Task requirements
Using the data below, set down every line from the one containing "Rising Cock slot gameplay reels" through the one containing "Bouquet de fleurs", inclusive and unchanged. Pictures are to be skipped.

Dataset excerpts

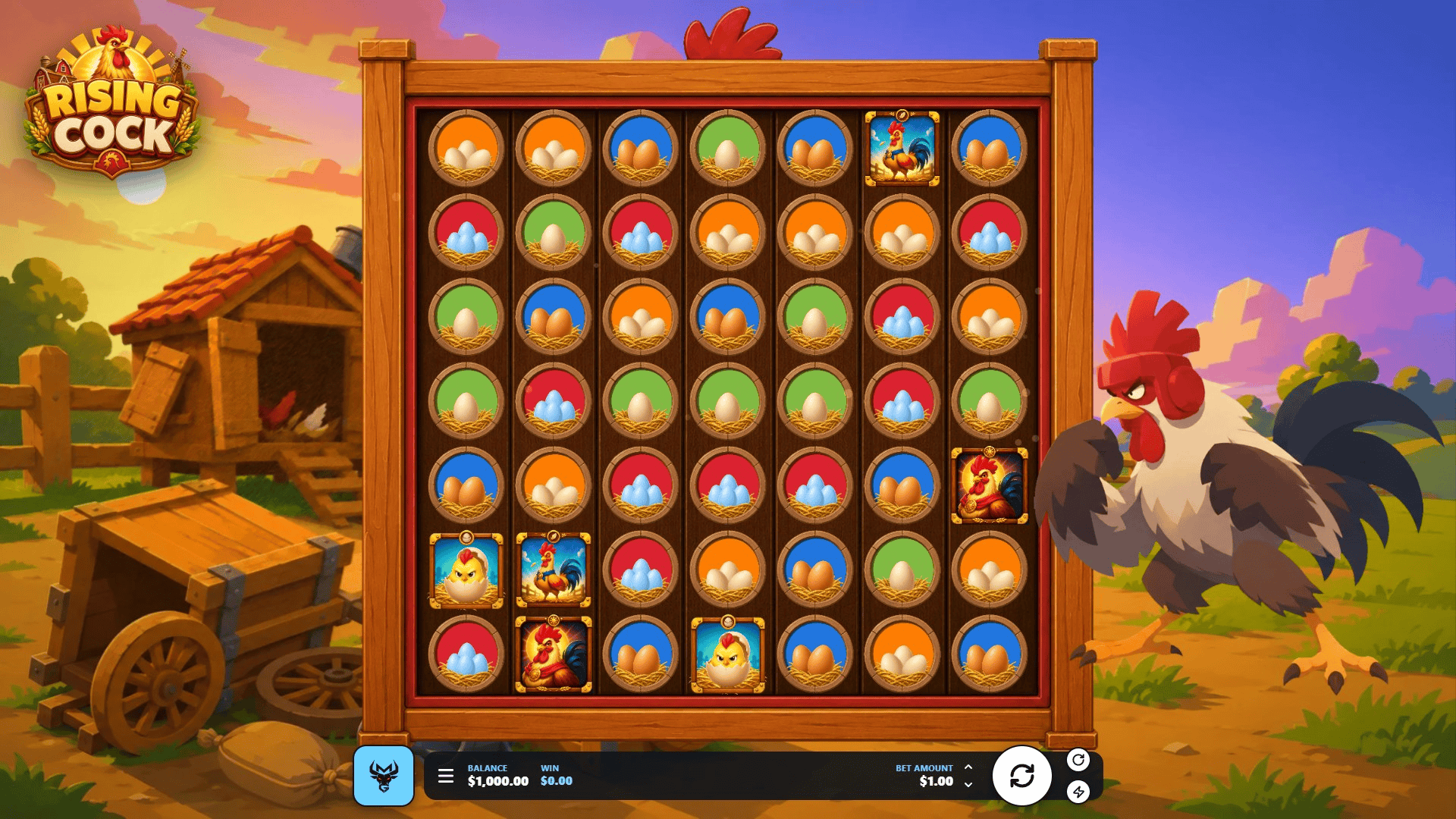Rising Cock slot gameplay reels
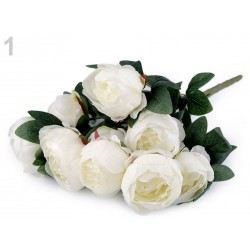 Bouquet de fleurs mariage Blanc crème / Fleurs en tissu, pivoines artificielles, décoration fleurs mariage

==

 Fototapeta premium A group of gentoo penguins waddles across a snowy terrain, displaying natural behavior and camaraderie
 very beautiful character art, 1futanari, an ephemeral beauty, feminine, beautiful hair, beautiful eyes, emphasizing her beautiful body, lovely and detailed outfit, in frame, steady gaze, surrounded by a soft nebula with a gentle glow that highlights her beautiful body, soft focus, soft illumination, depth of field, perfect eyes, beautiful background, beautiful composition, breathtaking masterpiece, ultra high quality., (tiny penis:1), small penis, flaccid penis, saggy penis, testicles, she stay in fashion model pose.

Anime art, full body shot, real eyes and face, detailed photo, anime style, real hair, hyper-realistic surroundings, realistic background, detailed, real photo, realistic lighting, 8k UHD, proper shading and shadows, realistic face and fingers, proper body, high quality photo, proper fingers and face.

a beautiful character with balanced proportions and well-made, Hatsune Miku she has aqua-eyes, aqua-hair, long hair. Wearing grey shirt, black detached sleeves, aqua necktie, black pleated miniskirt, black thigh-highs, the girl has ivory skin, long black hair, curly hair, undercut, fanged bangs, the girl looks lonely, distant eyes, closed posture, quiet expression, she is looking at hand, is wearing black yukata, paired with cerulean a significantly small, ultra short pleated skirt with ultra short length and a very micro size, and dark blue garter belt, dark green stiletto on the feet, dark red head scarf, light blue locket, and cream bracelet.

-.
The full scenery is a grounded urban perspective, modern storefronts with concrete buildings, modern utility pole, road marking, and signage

Result for this exercise
Rising Cock slot gameplay reels
 Bouquet de fleurs mariage Blanc crème / Fleurs en tissu, pivoines artificielles, décoration fleurs mariage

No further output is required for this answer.